Yes, there are currently sharks swimming in the Chesapeake.


Maryland Department of Natural Resources, Florida Program for Shark Research, Virginia Institute of Marine Science


Maryland Department of Natural Resources confirmed that sharks are in the Chesapeake Bay. According to a June 21 article, which lists some of the following fish that are found there including: blacktip, dusky, sandbar, spinner, scalloped hammerhead, smooth hammerhead, tiger, sand tiger and smooth dogfish sharks may be found nearshore from May/June through September/October.

MDNRP says that hammerhead sharks in the Chesapeake were first reported way back in 1876 and bull sharks have been spotted as far north as Aberdeen Proving Grounds but most are seen near the Choptank, Patuxent, and Potomac rivers. Officials confirm there has never been a shark bite reported in the Chesapeake, only one bite reported in the Chincoteague Bay.

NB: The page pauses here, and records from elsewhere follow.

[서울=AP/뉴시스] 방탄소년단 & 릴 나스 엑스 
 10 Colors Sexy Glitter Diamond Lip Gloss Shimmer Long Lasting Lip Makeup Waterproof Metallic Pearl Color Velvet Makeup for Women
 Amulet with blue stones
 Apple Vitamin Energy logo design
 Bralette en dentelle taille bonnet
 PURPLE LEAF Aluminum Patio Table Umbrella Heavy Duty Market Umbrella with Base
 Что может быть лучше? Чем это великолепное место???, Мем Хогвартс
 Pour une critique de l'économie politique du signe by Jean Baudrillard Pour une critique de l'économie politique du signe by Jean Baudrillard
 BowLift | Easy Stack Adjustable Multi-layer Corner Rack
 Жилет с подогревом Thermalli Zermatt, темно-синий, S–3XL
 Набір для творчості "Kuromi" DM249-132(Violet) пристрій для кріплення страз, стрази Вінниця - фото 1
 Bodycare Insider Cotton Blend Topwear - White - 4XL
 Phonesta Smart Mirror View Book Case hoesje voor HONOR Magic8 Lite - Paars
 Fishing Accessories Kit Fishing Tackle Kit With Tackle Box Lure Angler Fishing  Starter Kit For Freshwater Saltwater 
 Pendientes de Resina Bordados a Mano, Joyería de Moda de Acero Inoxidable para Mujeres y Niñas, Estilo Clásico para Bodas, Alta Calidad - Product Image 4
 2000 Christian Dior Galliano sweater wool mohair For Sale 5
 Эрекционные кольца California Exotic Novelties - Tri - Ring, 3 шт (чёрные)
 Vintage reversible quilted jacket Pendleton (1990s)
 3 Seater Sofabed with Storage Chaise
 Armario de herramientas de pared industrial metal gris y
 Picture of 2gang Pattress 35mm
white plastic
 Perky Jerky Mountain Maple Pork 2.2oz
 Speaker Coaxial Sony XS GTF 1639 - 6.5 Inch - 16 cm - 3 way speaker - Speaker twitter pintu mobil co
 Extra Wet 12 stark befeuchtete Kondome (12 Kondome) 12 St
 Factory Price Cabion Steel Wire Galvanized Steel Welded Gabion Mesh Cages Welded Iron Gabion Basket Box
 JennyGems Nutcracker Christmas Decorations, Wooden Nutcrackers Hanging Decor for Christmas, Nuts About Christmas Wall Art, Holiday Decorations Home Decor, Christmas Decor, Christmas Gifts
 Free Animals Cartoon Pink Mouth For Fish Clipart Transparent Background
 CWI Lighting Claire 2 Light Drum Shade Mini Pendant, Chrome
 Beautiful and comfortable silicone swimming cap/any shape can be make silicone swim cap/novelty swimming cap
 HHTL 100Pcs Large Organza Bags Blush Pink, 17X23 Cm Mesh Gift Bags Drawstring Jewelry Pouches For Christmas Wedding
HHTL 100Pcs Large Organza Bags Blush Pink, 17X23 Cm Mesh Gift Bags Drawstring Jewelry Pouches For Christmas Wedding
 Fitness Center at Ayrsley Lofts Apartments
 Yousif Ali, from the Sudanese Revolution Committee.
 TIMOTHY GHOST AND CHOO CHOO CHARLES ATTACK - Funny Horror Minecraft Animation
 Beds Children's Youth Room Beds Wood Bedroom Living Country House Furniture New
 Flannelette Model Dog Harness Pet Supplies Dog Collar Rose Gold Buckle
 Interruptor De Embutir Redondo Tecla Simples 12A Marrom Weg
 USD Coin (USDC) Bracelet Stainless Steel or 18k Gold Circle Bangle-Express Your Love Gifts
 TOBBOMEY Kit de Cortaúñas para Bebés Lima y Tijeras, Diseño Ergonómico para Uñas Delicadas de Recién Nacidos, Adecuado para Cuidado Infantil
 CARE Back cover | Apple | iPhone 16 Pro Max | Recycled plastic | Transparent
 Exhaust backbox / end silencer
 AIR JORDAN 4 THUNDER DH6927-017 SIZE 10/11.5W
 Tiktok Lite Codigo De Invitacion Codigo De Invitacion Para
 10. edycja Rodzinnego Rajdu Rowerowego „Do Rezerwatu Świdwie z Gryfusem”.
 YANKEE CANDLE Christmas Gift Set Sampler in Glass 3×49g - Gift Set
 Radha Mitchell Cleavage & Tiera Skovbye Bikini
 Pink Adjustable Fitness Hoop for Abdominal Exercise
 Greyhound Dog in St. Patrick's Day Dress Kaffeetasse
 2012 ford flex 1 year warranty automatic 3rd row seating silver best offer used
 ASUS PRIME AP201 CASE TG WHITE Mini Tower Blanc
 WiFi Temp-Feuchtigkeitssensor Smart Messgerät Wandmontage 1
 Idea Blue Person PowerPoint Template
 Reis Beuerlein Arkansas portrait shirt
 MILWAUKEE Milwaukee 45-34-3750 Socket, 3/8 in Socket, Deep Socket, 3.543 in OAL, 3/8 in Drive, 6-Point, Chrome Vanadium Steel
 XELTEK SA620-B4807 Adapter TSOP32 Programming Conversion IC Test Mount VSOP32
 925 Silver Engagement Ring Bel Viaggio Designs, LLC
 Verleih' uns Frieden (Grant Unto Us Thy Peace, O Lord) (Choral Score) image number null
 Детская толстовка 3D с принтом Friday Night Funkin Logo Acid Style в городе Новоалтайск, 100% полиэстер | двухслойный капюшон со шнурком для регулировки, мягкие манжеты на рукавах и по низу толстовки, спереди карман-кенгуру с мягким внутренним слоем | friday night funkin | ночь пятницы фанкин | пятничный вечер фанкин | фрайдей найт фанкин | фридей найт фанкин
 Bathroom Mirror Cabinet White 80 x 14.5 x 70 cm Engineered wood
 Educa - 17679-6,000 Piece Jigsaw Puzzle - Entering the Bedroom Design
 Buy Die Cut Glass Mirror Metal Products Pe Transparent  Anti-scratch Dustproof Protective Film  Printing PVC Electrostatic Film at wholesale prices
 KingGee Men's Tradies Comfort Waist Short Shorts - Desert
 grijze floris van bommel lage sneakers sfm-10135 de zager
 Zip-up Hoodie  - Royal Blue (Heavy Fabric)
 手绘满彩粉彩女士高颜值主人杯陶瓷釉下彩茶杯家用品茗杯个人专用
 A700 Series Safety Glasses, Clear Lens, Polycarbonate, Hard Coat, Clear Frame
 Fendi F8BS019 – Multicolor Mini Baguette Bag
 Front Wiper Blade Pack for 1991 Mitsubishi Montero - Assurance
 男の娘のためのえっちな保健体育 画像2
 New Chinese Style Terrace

Fourty-five-year veteran program director of the Florida Program for Shark Research, George Burgess, tells WUSA9 that bull sharks are responsible for most the shark attacks that he’s documented throughout his career.

“When they go after a prey item they do it with full tenacity and they come back for repetitive bites and so forth… and so a bite on a human from a bull shark often leads to a second bite from that same shark. It’s very persistent.”

Burgess said bull sharks are definitely the deadliest sharks in the sea, before the summer ends an estimated two of these sharks will be coming out of the Chesapeake Bay region in lower reaches of one of the main rivers.

A reason these types of shark attacks can occur is due to sharks mistaken the kicking of feet or splashing of hands as being activity of normal prey items. They then take quick bites, called hit-and-run attacks, the program director informs.

So is there reason to be concerned about seeing a bull shark if you’re swimming in the Chesapeake Bay this summer?

According to Jim Gartland, Assistant Research scientist at the Virginia Institute for Marine Science, the chances of seeing a bull shark are very slim.

Burgess said in 2016 only four fatal worldwide shark attacks occurred; two in the French Territory of New Caladonia, one in Australia and one in the Indian Ocean.

Maryland Department of Natural Resources has provided some tips on what to do before going shark fishing in the Chesapeake which includes:

1.Get some firsthand practical experience identifying, handling and gearing up from local mentors such as a fishing group, guide or charter captain.

2. Have the appropriate license (s), tackle, tools, measuring tape, identification guide, regulations and a release plan.